Many Mexican migrant workers of today can relate, so Dies decided to translate Guthrie's classic into Spanish, while adding a few lyrics of his own: "In the world there are people who are poor / In the world there are people who are rich / And then there are the others, the travelers / who are seeking an opportunity."
"A song sometimes helps you address something that possibly has no solution," Dies says. "Maybe someone has died, or there's a situation that has no escape. And a song becomes a way to possibly feel that you're not so alone, that other people feel like you do."
An Immigrant's Ballad
Dies has felt this power of music during his travels through the American West this summer. He has been wearing his other professional hat, that of a folklorist, surveying grassroots Mexican musicians in Idaho and Oregon for the Western Folklife Center. In the process, he found that immigration serves as a recurring theme in their ballads.
A corrido is a tragic ballad. Gerardo Sagrero and his band have written a new song called "Corrido de Mi Padre," and it's dedicated to Sagrero's father, who died 20 years ago, while he and his brother were trying to cross the border into the U.S.
"They crossed by the Rio Grande in Texas, and when my father was crossing, he was stepping on some stones and carrying two bags in his hands," Sagrero says. "He slipped, and he fell into the current and was swept away.
"When I was about 16 years old, I liked corridos very much, and I was listening to other stories about people who had problems, who'd died. And that's when I felt I wanted to write a song for my father. What this corrido does for me is it brings back his memory. It makes us remember him."
The new corridos are being embraced by — and in some cases, written by — a new generation of immigrants. Fourteen students and their families at Woodburn High School in Oregon take Dies' corrido-writing workshop. Students can compose songs about anything they want, and immigration emerges as a common theme.
True Tales of Sorrow
Corridos must be true, and they follow a specific structure that includes a headline, the introduction of characters and a moral. Student Tony Ramos wrote his corrido about his uncle, who died crossing the border.
Ramos was a toddler when his parents crossed the border. Now, he wants to become a teacher, so he can educate the next generations who come to America. Ramos pays close attention to the debate over illegal immigration.
"I would get angry at some of the things politicians say: 'Build a wall and keep them out.' But at the same time, I grew up here, and this country has given us a lot," Ramos says. "And it makes it hard to choose what side to be on."

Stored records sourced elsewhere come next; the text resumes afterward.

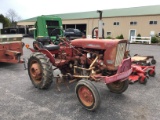 140 FARMALL TRACTOR W/ CULTIVATORS AND SIDE DRESSER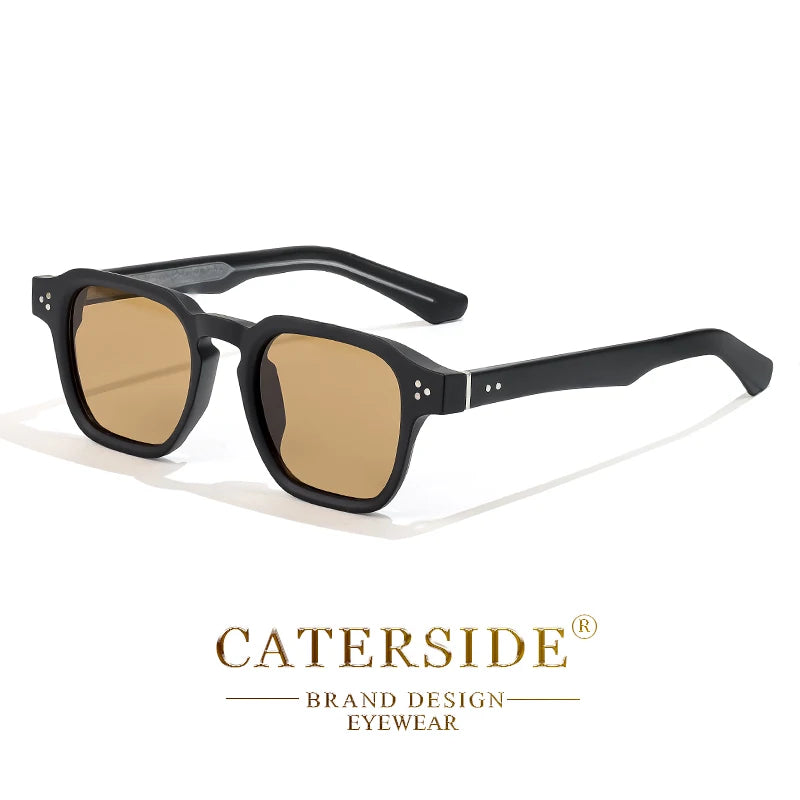 Lunettes de Soleil Carrées Caterside – Homme & Femme UV400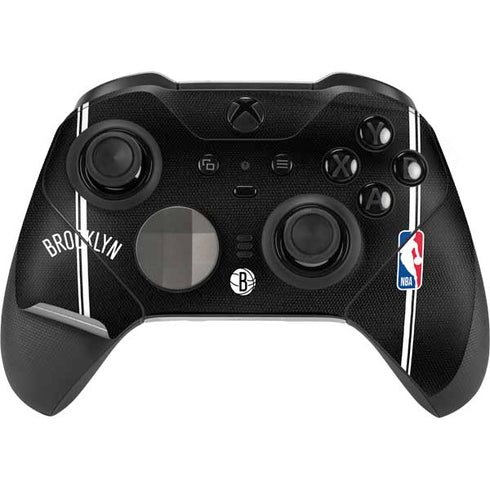 NBA Brooklyn Nets Jersey Xbox Elite Wireless Controller Series 2 Skin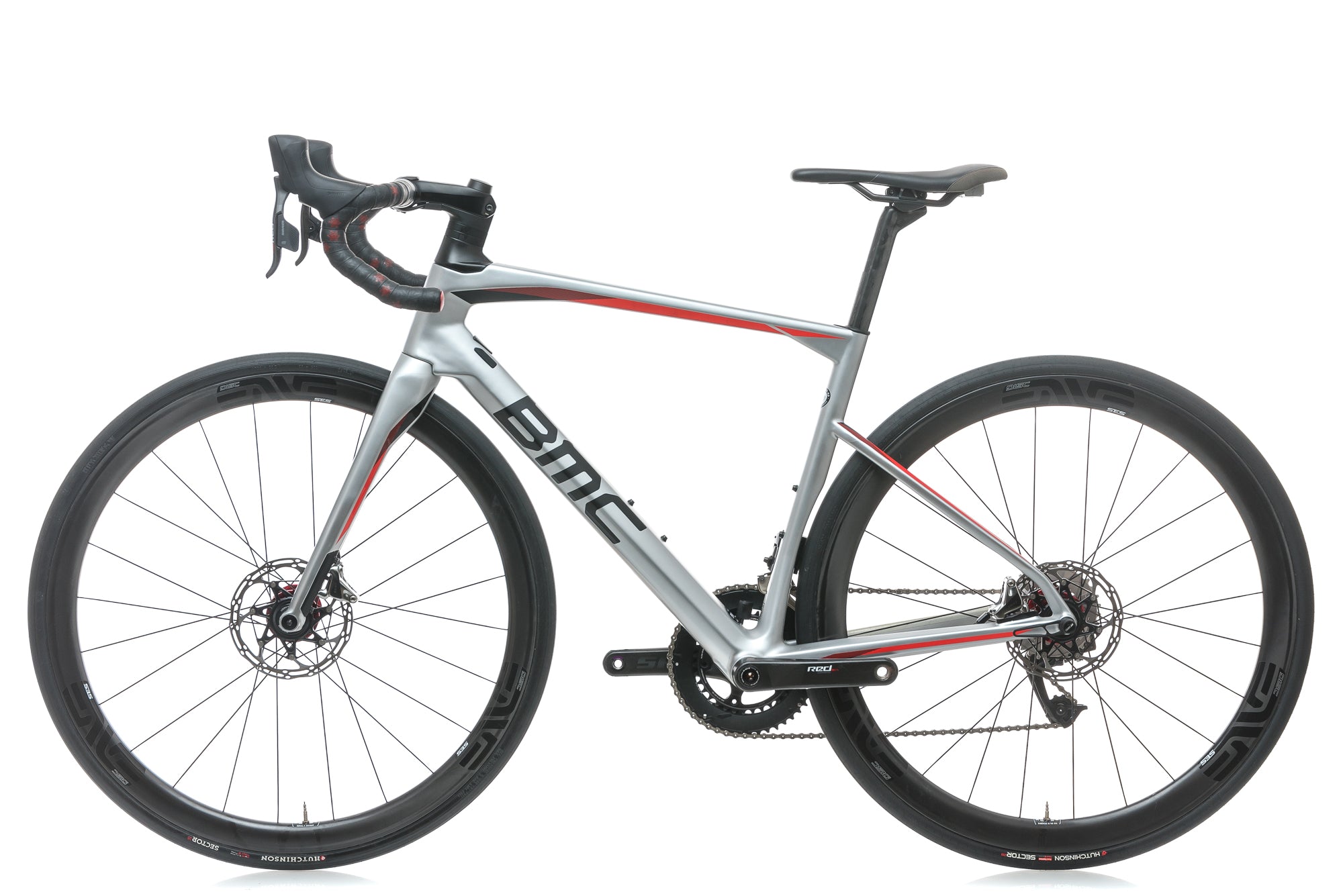 BMC Roadmachine 01 LTD 51cm Carbon Road Bike 2018 - Lightweight Endurance Racing Bicycle for Men, Perfect for Long-Distance Cycling & Competitive Road Racing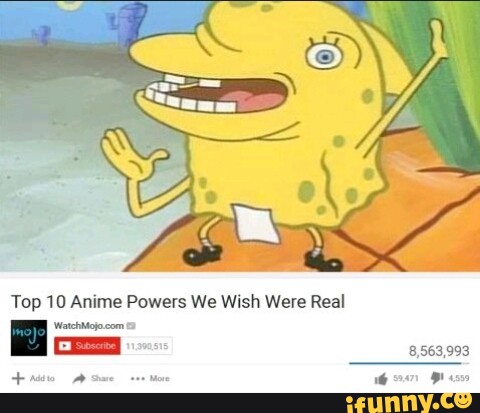 Top 10 Anime Powers We Wish Were Real - )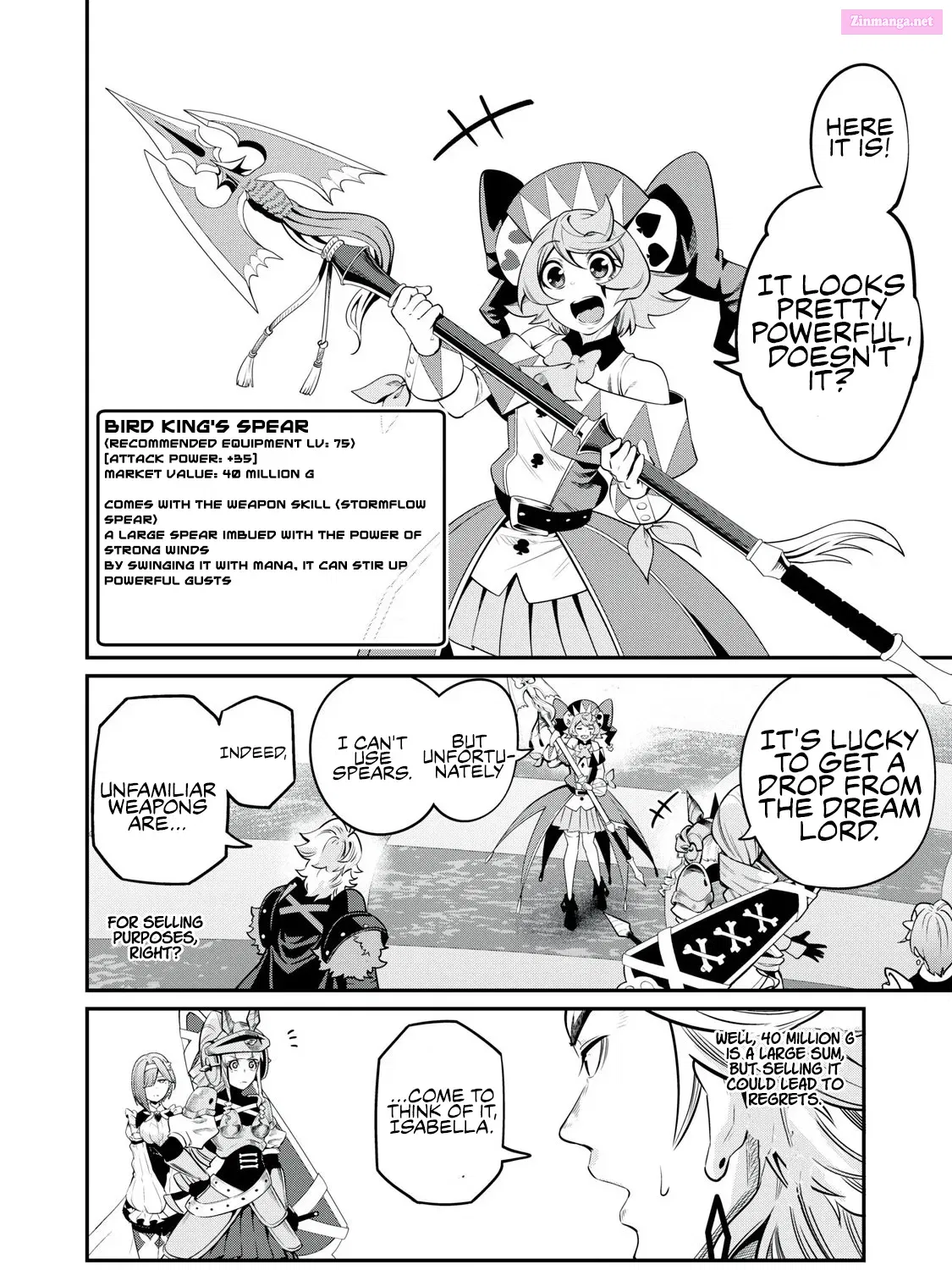 The Exiled Heavy Knight Knows How to Game the System Zinmanga X Chapter 80 Page 20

Immigrant farmworkers themselves have written ballads that address the issue. Jose Garcia of Payette, Idaho, wrote one called "Embajadores," which expresses the hope that President Bush will take action to legalize undocumented workers.
Other immigrant farm workers are not as optimistic. Benigno Pedraza sings, "The doors of opportunity are closing in America, so I'm going back to Mexico."
Still others write songs to accompany their political activism. The Immigrant Ranger, as he calls himself, clenches his fist and closes his eyes as he begins a song. He wears a cowboy hat with more than 100 signatures from the people he met four years ago during the Immigrant Workers Freedom Ride to Washington.
The Immigrant Ranger has written songs about stowaway Mexicans who suffocate to death in boxcars, and about the hardships of day laborers who freeze on street corners while they wait for work.
Guthrie once said, "If the fight gets hot, the songs get hotter. If the going gets tough, the songs get tougher." Immigrant Ranger vows to keep singing until things change, and he's working with students to translate his songs into English. He wants all Americans to hear his stories.
"I think that if Woody Guthrie were alive today and he heard what we were doing, he'd be very happy," Dies says.